_SUPPLIED MATERIAL_

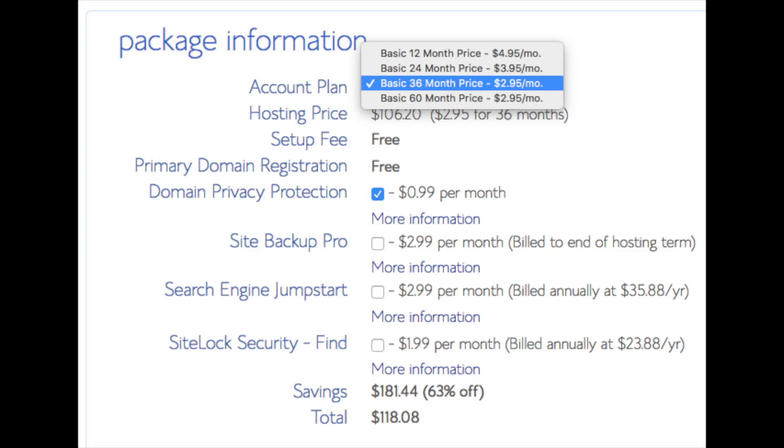Domain privacy is an add-on that I highly recommend. It will prevent telemarketers and marketers getting a hold of your personal contact information and bugging you with their services. The domain privacy will show Bluehost information for the site and not yours. All of these add-ons are completely optional. As you can see you're saving a lot for this hosting package.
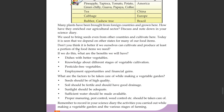Don't you think it is better if we ourselves can cultivate and produce at least a portion of the food items we need? The benefits include dishes with better vegetables.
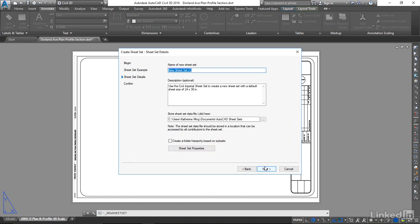and we are going to give our sheet set file a name. I'm going to call this Dorland Avenue Project, and I can give it a description.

_EXERCISE DESCRIPTION_
All lines from the first in the listing above to the line containing "Don't you think", inclusive, go in the output exactly as they are; no pictures go in.

_EXERCISE RESULT_
Domain privacy is an add-on that I highly recommend. It will prevent telemarketers and marketers getting a hold of your personal contact information and bugging you with their services. The domain privacy will show Bluehost information for the site and not yours. All of these add-ons are completely optional. As you can see you're saving a lot for this hosting package.
Don't you think it is better if we ourselves can cultivate and produce at least a portion of the food items we need? The benefits include dishes with better vegetables.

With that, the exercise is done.